31. A method of analyzing a facility by means of root cause analysis, comprising:

preparing and storing a data model that associates with the facility in storage means, said data model containing information about possible events, hypotheses for the root causes of the possible events and symptoms for the hypotheses;

input of additional information associated with the facility; modifying the data model based on the additional information; and

analyzing the facility based on the modified data model.

32. The method according to claim 31, further comprising:

transferring data that associates with the facility from a structured data model into a causally oriented data model and complementing the causally oriented data model with information associated with conditional probabilities between at least two objects of the causally oriented data model; and

simultaneous analysis of at least two root cause hypotheses based on the complemented causally oriented data model.

33. The method according to claim 32, wherein the complementing of the causally oriented data model is accomplished adaptively based on updated information regarding the facility to be analyzed.

34. The method according to claim 31, wherein a structured data model is modified based on the additional information.

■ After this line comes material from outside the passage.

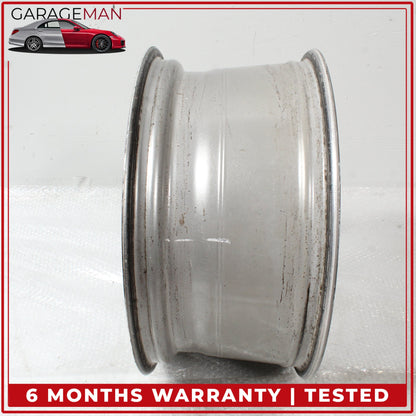 2014-2016 Mercedes W212 E350 Twin 5 Spoke Wheel Rim 8.5JX18H2ET48 2124015702 OEM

35. The method according to claim 31, wherein the additional information is input for adapting the data model in accordance with changes in the facility.

36. The method according to claim 31, wherein the additional information comprises at least one of the following: information about events occurred in association with the facility; operator feedback; information about new symptoms; information about new root cause hypotheses; information from a system controlling the facility; information that is based on quantitative data associated with failure frequencies and/or failure weightings of variables associated with the facility; information that is based on expertise and/or experiences and/or historical data; information that is based on statistical and/or physical and/or process models of the facility; information about the causality relations between variables associated with the facility.

37. The method according to claim 31, wherein the data model is updated in response to a predefined event.

38. The method according to claim 31, wherein the analysis is triggered in response to a signal generated by a control system or an operator.

39. The method according to claim 31, further comprising propagation of a set of evidences gathered for the facility through the data model, making conclusions based on the results of the propagation, and updating the model based on the conclusions.

40. The method according to claim 31, further comprising transportation of data associated with the analysis via a data communication network.

41. A computer program product comprising program code means for performing the steps of claim 31 when the program is run on a computer.

42. A movable user device for use in conjunction with a root cause analyzer for analyzing a facility based on a data model that associates with the facility, said data model containing information about possible events, hypotheses for the root causes of the possible events and symptoms for the hypotheses, the movable user device comprising user interface means for input of additional information for modification of said data model.

43. The movable user device according to claim 42, the user interface being also for presenting results of the analysis.

44. The movable user device according to claim 42, further comprising adaptation means for modifying the data model based on the additional information and analyzer means for producing root cause analyses based on the modified data model.

45. The movable user device according to claim 44 being arranged to process in a substantially real-time manner any new symptoms input into the device.

46. The movable user device according to claim 42, wherein the additional information is of predictive character.

47. The movable user device according to claim 42, arranged to display at least one of the following: an optimal sequence of actions; an appropriate action to be taken by the user of the device; probabilities of simulated effects from an intended action.